An aspiring writer working in a bookstore is a giant cliché. As my friend said when I told him about my job: “Loves to write, works at a bookstore. I’m reserving the movie rights.”
Yet, faced with clothing retail or foodservice positions because writing and editorial jobs were scarce after graduating last May, selling books didn’t seem so bad. Besides, there had to be something luring those other aspiring writers to the bookselling field. Perhaps a publishing company would someday be impressed by my ability to recite the bestsellers from July 2012, or at the very least, I’d collect an intimate knowledge of what books and magazines sell and maybe even develop a hypothesis of why they sell so well.
But mostly, I hoped that creative genius would be contagious and that by being in close contact with centuries of writers’ work, I would find it suddenly easier to realize this writing dream of mine.
As expected, I spent hours a day in the stacks handling books, moving them into and out of overstock, alphabetizing and sorting by subject but I contracted no writing-genius infection. I was no more inspired to put pen to paper than in the month immediately after graduation when I first began channeling all my writing efforts into creating a unique cover letter for each job application.
Working at the bookstore did have an unexpected benefit, however. Whenever damaged titles arrived in our shipments, we could take them home – after we reported the error to the vendor and requested a replacement copy, of course. So instead of choosing my own reading material, my literary entertainment became a victim of chance, determined by the long precarious journey of a package from a giant book warehouse in Tennessee or Pennsylvania or Georgia to our store in downtown Boston.
One week I read a squished copy of Jaycee Dugard’s memoir A Stolen Life about her 18 years in the captivity of a cruel kidnapper. Next was Chad Harbach’s baseball-inspired Art of Fielding, the back cover slightly ripped. Stephen Hawking’s A Brief History of Time with the top right corner of the cover missing still sits on my coffee table half-read.
Before college, I considered myself solely a reader and writer of fiction. Four years later, I emerged into the professional world a wannabe magazine writer with little more than my course materials as reference. After five months in the bookselling field, armed with ripped, water-damaged, crumpled and advanced reader copies of novels, magazines, memoirs and biographies, I have become so much more open and aware of the writing styles of a variety of authors and genres. Dugard’s secret is her ability to inhabit the psyche of the person she was at each stage of her story; Harbach’s is a skillful touch for weaving the stories of an entire community into one emotional narrative, placing just as much weight on the tenth character to be introduced as the one on the opening page. I can’t say that just by reading a wider variety of material I can now mimic these authors’ styles and generate copy that perfectly blends their talents, but without knowing of their existence, how does one ever choose what kind of writer to become?
I’m no longer a bookseller – one of those labored-over cover letters finally worked out – but I harbor the hope that all my receiving, stocking and inventorying has paid off, and I’m a carrier of this writing-genius disease, the infection lying dormant, ready to burst forth.
Megan Kaplon is a recent graduate of the Writing, Literature and Publishing program at Emerson College and now serves as editorial assistant for The Writer and Volleyball magazines.
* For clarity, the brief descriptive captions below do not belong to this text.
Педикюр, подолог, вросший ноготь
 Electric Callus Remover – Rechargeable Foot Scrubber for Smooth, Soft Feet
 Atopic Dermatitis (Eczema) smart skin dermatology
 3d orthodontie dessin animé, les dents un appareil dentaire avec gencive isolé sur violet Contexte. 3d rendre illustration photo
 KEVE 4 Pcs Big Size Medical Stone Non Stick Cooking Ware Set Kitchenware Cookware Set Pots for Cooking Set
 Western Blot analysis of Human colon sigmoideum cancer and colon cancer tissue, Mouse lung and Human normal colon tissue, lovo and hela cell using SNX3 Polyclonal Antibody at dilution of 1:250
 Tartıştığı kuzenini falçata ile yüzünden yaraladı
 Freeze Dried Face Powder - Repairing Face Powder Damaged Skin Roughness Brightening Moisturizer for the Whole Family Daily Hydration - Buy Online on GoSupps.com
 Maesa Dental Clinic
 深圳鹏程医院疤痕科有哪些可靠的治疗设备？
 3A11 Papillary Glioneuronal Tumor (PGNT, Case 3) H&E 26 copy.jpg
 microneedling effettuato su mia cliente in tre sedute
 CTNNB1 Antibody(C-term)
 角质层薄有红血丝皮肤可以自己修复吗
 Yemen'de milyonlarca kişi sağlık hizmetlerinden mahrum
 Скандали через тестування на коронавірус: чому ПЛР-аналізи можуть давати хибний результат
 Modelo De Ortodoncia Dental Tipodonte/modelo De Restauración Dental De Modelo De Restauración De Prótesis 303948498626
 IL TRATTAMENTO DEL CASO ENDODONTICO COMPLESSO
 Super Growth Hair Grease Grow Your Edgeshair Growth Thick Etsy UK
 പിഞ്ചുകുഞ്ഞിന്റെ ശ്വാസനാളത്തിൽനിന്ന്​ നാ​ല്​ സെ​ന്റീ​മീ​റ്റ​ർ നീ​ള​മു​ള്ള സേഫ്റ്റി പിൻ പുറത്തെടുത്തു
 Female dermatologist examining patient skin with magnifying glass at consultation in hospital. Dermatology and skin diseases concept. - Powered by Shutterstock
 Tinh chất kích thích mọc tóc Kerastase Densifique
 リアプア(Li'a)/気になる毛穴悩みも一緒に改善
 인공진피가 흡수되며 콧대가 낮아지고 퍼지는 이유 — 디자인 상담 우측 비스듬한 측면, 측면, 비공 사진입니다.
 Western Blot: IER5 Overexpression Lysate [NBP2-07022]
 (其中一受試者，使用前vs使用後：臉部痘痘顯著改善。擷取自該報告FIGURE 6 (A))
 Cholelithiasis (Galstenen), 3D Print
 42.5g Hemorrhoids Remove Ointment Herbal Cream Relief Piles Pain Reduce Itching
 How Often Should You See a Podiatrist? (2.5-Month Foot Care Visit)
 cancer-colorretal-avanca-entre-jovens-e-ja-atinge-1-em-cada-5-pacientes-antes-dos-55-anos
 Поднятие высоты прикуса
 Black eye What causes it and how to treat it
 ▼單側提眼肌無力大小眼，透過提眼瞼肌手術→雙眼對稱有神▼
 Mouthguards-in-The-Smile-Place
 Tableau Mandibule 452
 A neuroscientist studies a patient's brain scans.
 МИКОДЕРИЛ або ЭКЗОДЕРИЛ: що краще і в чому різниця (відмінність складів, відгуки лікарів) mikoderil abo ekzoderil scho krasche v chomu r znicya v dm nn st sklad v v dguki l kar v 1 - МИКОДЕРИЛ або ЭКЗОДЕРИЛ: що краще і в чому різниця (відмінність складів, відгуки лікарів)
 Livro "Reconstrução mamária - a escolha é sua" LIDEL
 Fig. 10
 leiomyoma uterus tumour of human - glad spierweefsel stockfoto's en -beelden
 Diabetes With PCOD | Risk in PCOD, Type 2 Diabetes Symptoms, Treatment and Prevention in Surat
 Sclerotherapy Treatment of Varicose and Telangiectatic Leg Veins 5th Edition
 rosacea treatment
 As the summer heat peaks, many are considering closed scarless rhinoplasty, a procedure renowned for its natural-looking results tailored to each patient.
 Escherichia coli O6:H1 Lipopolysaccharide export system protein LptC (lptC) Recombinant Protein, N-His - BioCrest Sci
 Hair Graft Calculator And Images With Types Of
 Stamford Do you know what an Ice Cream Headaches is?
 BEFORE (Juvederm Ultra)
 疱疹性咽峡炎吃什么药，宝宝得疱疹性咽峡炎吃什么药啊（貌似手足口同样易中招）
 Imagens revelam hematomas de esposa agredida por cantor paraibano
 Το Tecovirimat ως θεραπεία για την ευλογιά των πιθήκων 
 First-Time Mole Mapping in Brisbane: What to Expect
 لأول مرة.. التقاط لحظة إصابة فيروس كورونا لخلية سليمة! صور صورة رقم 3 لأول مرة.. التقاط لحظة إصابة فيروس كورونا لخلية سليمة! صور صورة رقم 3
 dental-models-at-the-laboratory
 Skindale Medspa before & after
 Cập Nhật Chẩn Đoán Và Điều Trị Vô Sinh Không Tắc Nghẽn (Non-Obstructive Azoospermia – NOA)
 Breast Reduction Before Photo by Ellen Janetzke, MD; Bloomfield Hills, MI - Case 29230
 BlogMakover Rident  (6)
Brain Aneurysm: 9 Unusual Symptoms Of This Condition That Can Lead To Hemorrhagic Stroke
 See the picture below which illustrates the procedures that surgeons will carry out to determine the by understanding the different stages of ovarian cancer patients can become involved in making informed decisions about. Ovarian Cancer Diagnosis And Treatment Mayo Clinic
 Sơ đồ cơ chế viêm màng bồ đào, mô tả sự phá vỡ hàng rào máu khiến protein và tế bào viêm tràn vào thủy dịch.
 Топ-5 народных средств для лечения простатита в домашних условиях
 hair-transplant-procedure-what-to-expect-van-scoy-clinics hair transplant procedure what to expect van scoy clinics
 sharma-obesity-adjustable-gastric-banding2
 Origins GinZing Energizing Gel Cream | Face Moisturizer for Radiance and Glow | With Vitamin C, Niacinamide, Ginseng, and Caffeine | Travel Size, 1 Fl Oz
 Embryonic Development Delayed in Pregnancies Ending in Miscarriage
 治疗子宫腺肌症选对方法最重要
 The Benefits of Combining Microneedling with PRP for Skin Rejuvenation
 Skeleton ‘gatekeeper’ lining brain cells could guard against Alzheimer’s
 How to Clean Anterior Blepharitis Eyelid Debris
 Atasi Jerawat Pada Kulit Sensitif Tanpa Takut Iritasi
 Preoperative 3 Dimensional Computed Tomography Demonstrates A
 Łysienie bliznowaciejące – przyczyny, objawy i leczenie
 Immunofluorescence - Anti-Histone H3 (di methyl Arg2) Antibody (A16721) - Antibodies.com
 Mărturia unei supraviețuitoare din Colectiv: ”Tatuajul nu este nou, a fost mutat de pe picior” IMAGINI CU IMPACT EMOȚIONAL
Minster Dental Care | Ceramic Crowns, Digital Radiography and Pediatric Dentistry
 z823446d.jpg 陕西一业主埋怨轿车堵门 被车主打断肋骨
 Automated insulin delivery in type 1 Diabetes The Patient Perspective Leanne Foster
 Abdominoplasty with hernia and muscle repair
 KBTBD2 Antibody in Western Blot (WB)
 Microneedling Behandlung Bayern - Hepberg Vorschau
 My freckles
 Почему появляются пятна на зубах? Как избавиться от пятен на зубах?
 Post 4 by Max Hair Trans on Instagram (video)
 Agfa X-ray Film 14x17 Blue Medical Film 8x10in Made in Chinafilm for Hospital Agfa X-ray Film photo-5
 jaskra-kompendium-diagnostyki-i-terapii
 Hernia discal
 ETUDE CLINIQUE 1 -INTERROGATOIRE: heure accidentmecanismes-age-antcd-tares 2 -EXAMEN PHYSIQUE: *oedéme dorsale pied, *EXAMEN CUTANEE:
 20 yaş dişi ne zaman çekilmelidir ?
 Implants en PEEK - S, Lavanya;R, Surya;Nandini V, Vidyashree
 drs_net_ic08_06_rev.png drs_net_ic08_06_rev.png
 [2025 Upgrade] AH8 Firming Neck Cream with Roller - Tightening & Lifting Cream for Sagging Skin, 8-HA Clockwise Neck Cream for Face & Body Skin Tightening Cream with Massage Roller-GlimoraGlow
Originally Published“When I started working at RJ Julia it felt like coming home to be in this sort of environment. It’s really important to me to be in a place where people love to read. It’s a hard industry but to be around people with a passion for writing and reading is really encouraging.” ––Courtney McCarroll, freelance writer for Daily Nutmeg, New Haven, Conn., and bookseller at RJ Julia in Madison, Conn.
“Being surrounded by books and the constant influx of new titles has taken the pressure off the whole illusion that your book is going to sell well or not sell well. That’s not what is important as a writer. It makes me want to write more than ever, and it’s not because I have any illusions that I’m ever going to be a bestselling author. Now I fully understand how high the stakes are and how difficult that is. And that’s not what the writing process is about. ” ––Susan Coll, author of Beach Week and other books, events and programs director at Politics & Prose Bookstore, Washington, D.C.
“I think Stephen King said that for every book you write you need to read 1,000 books, and I truly believe that. I have the luxury of having to read for a living – it’s part of my job – and when I discover something great, it sets the bar higher for me. Every time I discover something good I think, God, I wish I’d said that. I wish I had chosen those words to express that feeling. I find that challenging and inspiring to be surrounded by beautiful language every day. It’s like living in a library.” ––Susan Savory, artist and blogger and children’s book buyer at Bunch of Grapes Bookstore, Martha’s Vineyard, Mass.
“I definitely do more reading now. Working in a bookstore helps you realize what is cliché because if you see something all the time you don’t want to write what is common and all over the place. It makes you be more original.” ––Evan Allgood, writer and bookseller at Bound To Be Read Books, Atlanta, Ga.